=== Input material ===

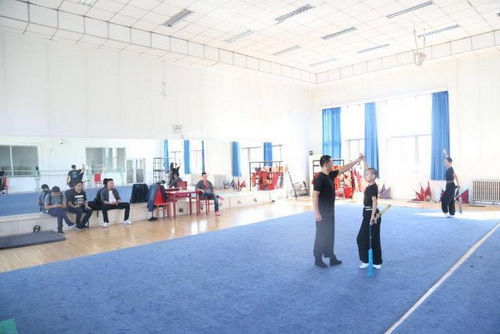 32座谈会后，上海戏校一行教师们观看了京剧基功汇报展示，并分别走进不同课堂_调整大小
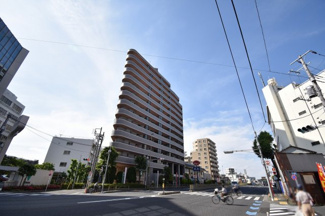 【外観】 | 3階南東・南西角部屋、28.11平米の開放感のあるバルコニー付のため日当たり・通風良好です。
独立性の高い洋室はリモートワークもできます♪
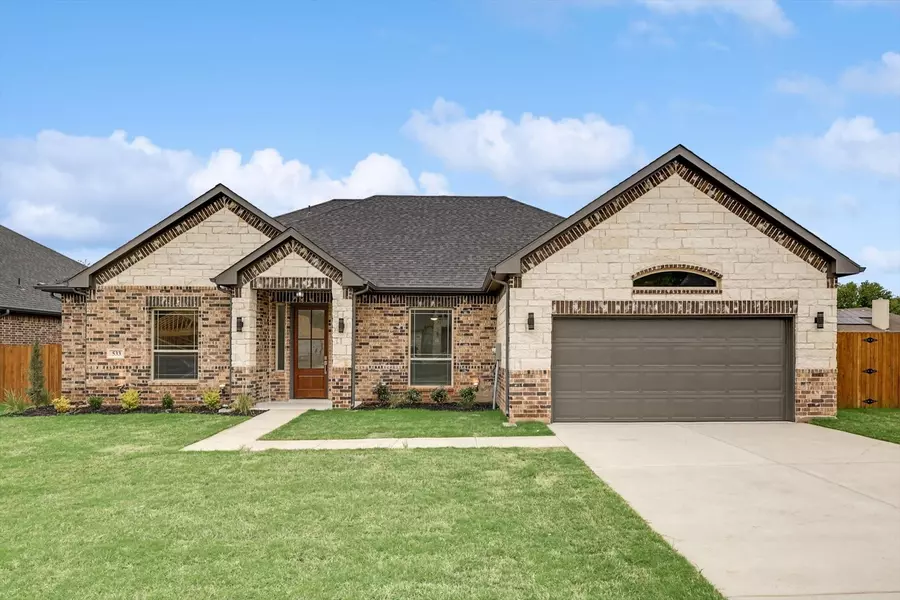 533 Woodland Drive, Azle, TX 76020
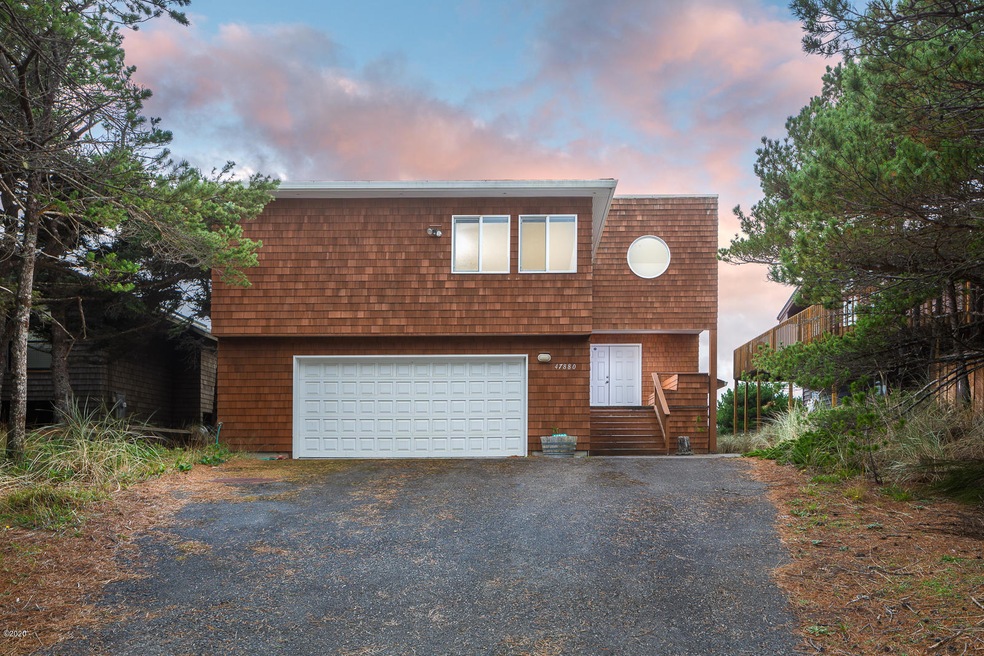 Attached Garage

===

**Required work**
Without the images, write out all of the records exactly.

**Finished task**
 32座谈会后，上海戏校一行教师们观看了京剧基功汇报展示，并分别走进不同课堂_调整大小
 【外観】 | 3階南東・南西角部屋、28.11平米の開放感のあるバルコニー付のため日当たり・通風良好です。
独立性の高い洋室はリモートワークもできます♪
 533 Woodland Drive, Azle, TX 76020
 Attached Garage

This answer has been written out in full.